Frames MMFMs as a path toward medical artificial general intelligence, while emphasizing the importance of safety and governance.
Why this paper is a useful reference:
For students and practitioners, it provides a broad yet structured overview of the MMFM space, helping them situate specific models and choose research directions.
It also highlights critical non‑technical dimensions (fairness, regulation, deployment) that will shape the real‑world impact of MMFMs.

10. Key Takeaways (Bullet Summary)¶

Problem:
Medical AI needs foundation models that can handle multiple modalities and organs and support tasks ranging from diagnosis to treatment planning.
Method / model (conceptual):
MMFMs are built on transformer‑based backbones and trained using segmentation, generative, contrastive, or hybrid proxy tasks on large multimodal datasets.

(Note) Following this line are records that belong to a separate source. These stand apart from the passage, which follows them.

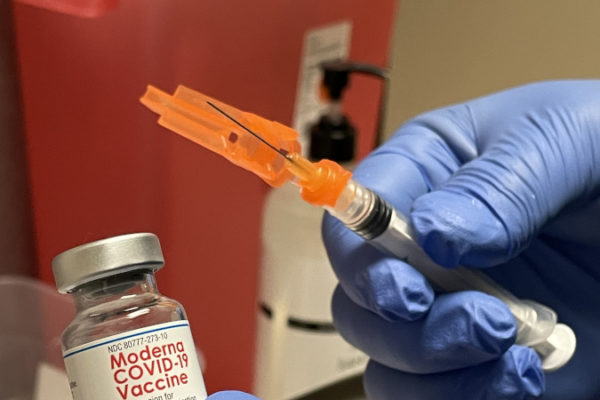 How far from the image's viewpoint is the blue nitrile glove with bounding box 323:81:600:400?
0.47 metres

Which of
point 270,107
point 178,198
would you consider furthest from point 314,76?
point 178,198

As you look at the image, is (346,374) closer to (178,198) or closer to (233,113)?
(178,198)

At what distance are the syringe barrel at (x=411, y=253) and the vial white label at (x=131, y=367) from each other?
14cm

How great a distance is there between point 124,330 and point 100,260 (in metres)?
0.04

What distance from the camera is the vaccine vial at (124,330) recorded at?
1.14 feet

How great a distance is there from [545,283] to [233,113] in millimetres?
321

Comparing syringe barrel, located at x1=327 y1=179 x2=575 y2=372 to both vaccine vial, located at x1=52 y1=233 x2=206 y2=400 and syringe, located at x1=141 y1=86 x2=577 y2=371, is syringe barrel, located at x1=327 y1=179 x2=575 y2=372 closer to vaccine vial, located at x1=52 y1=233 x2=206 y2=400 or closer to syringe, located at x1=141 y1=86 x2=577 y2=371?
syringe, located at x1=141 y1=86 x2=577 y2=371

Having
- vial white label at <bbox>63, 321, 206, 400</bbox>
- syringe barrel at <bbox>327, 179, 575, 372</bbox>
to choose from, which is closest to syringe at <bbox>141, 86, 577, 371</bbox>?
syringe barrel at <bbox>327, 179, 575, 372</bbox>

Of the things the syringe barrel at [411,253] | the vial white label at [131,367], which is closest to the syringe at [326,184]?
the syringe barrel at [411,253]

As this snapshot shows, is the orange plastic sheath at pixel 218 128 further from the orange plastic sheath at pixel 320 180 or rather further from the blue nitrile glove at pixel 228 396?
the blue nitrile glove at pixel 228 396

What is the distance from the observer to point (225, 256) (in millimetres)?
686

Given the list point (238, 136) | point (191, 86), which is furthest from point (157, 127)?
point (238, 136)

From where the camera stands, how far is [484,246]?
47cm

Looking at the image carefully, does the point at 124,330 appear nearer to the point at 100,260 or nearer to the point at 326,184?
the point at 100,260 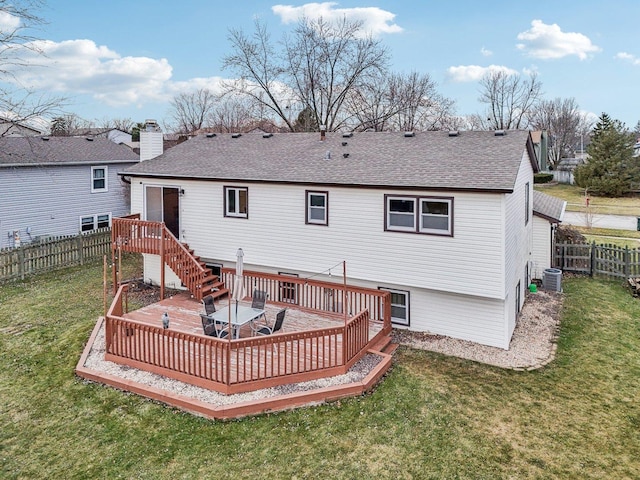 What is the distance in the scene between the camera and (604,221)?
104 feet

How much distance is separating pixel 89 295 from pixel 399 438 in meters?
12.0

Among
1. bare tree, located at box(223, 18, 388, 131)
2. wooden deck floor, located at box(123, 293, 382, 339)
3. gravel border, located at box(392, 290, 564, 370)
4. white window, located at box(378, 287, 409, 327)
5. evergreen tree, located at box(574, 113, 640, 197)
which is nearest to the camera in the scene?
gravel border, located at box(392, 290, 564, 370)

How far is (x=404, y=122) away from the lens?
4184 cm

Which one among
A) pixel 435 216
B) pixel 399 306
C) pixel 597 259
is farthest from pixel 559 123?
pixel 399 306

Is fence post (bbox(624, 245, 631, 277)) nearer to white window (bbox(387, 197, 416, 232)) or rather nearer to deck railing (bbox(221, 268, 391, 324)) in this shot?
white window (bbox(387, 197, 416, 232))

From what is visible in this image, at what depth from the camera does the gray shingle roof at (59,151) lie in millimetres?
21984

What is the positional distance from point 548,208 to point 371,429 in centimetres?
1405

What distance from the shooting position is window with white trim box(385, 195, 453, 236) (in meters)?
11.3

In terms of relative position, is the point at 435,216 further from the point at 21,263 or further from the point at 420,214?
the point at 21,263

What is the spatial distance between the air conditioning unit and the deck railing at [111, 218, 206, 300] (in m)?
12.3

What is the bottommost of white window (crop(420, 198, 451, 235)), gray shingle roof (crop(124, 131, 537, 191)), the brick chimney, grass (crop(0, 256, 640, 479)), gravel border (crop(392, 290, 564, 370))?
grass (crop(0, 256, 640, 479))

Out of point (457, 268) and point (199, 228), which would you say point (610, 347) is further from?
point (199, 228)

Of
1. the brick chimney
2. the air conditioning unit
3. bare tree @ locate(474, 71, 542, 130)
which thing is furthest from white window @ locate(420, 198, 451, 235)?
bare tree @ locate(474, 71, 542, 130)

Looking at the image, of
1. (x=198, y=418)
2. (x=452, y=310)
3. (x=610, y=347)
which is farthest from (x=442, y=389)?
(x=610, y=347) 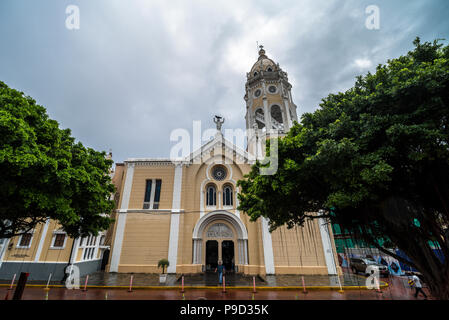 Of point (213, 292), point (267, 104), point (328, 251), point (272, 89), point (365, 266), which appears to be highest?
point (272, 89)

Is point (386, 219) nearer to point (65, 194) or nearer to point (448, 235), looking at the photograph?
point (448, 235)

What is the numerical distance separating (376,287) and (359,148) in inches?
377

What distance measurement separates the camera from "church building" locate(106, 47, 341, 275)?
1553 centimetres

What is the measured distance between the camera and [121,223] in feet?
54.4

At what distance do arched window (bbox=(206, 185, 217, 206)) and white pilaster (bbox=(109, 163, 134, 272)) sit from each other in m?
7.00

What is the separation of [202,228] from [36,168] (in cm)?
1257

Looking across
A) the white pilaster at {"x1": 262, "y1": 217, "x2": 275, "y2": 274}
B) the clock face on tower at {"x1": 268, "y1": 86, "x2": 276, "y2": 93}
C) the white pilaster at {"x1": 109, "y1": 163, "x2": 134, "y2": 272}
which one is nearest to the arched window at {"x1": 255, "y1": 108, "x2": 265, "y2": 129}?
the clock face on tower at {"x1": 268, "y1": 86, "x2": 276, "y2": 93}

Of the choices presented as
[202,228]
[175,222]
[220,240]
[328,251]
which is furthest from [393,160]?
[175,222]

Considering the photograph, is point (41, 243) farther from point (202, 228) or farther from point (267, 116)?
point (267, 116)

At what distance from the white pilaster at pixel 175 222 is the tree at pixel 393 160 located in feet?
36.3

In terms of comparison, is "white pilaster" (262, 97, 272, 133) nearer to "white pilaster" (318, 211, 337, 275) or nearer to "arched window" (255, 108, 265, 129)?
"arched window" (255, 108, 265, 129) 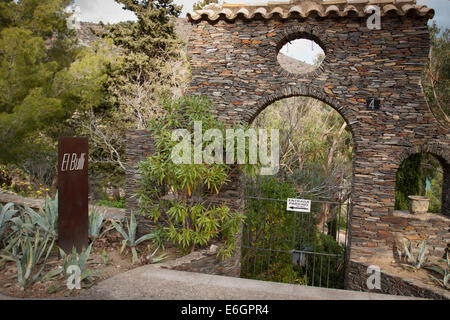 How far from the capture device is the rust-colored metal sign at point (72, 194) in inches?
168

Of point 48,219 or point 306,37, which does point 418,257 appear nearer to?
point 306,37

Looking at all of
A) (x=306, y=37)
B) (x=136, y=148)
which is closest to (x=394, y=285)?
(x=306, y=37)

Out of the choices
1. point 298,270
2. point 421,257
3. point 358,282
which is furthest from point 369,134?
point 298,270

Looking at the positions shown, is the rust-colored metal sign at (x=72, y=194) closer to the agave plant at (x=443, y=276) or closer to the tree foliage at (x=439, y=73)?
the agave plant at (x=443, y=276)

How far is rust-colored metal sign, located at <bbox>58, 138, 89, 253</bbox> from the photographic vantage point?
14.0 feet

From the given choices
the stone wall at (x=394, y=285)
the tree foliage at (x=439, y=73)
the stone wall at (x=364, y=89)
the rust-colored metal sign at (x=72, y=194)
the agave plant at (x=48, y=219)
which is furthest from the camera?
the tree foliage at (x=439, y=73)

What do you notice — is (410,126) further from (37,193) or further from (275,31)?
(37,193)

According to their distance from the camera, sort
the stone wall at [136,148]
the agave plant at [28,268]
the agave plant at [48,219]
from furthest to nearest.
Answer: the stone wall at [136,148]
the agave plant at [48,219]
the agave plant at [28,268]

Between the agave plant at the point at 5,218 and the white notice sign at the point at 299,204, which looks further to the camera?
the white notice sign at the point at 299,204


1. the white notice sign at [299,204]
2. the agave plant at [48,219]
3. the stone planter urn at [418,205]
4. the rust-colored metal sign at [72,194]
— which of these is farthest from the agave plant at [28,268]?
the stone planter urn at [418,205]

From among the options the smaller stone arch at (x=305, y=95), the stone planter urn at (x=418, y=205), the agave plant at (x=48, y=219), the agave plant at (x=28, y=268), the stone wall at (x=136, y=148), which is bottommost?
the agave plant at (x=28, y=268)

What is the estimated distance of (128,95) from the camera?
11570mm

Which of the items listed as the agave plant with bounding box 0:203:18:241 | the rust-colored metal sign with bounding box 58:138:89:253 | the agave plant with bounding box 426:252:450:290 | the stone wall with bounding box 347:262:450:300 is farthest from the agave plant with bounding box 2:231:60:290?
the agave plant with bounding box 426:252:450:290

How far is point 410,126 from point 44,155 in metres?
11.0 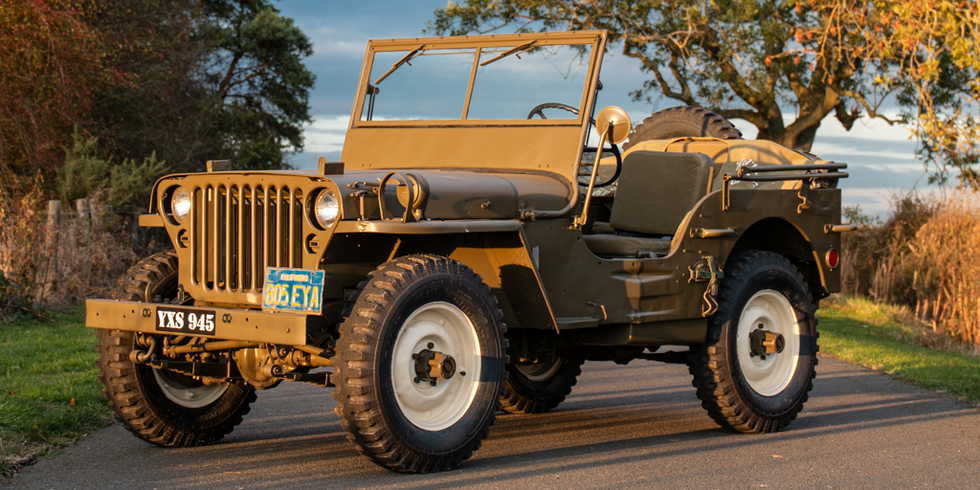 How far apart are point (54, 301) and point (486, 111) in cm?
834

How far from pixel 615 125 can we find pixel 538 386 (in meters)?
2.36

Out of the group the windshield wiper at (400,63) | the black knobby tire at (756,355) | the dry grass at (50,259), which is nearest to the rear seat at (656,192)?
the black knobby tire at (756,355)

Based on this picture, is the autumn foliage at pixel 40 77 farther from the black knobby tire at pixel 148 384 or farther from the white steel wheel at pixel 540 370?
the black knobby tire at pixel 148 384

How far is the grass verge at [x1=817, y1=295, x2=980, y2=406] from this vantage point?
945cm

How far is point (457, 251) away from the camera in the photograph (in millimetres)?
5762

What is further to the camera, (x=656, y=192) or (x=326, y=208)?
(x=656, y=192)

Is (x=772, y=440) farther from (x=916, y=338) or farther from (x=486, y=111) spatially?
(x=916, y=338)

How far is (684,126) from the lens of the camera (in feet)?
27.9

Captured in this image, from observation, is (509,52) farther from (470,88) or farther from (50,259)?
(50,259)

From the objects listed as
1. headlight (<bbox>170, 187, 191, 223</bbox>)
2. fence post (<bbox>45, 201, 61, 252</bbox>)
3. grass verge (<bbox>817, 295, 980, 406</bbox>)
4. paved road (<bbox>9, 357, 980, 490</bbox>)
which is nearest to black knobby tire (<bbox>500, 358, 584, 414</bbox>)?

The survey categorizes models into MMVFMs and MMVLFMs and analyzes their architectures, datasets, and applications.
Results / insights:
MMFMs generally improve performance and data efficiency over narrow models, and support zero‑shot or few‑shot adaptation to new tasks.
However, they face major challenges around data quality, compute cost, fairness, interpretability, and deployment.
Why it matters:
MMFMs are likely to be the backbone technology for future clinical AI systems; understanding their design and limitations is crucial.
This survey offers a roadmap for advancing MMFMs responsibly toward real‑world impact.